I Slept with 100 Men in One Day. This was…bleak tbh. Don’t really recommend it; I only scratched my curiosity itch because it was all over Twitter and I have regrets.
Nosferatu. Loved this. This was sincerely and earnestly gothic in a way I haven’t seen in a long time, perhaps since Crimson Peak. Perhaps the world wasn’t quite ready for Crimson Peak when that first released, but I think there is the glimmering of an appetite for more, well, sincere genre media. I feel we are all weary of the irony-poisoned media landscape, the nod-and-wink-at-the-audience teeheeing most genre pieces seem to indulge in, particularly comic book adaptations. Or maybe that’s just me.
other things of note 💾
Farrell, Neil and Oeffler, Sarah. “When Your Hero is a Monster.” The Leftist Cooks, YouTube. Dec 2024.
Keary, Martin. “What Facebook Has Done to Us.” Tantacrul, YouTube. Oct 2024.
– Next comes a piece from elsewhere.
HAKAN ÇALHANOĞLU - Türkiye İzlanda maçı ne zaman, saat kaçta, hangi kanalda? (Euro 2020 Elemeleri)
“The Internet is All Over.” We’re in Hell, YouTube. Sep 2024.
See you next year,
Barring 2020, for obvious pandemic-related reasons.
What Bear and I call their boarding facility, which is located on a farm where they can run around to their hearts’ content.
Tteok-guk, or Korean rice cake soup.
Myself included! Some of my favorite parts of many, many, many BTS documentaries are the bits that show the members writing, producing, and recording their music.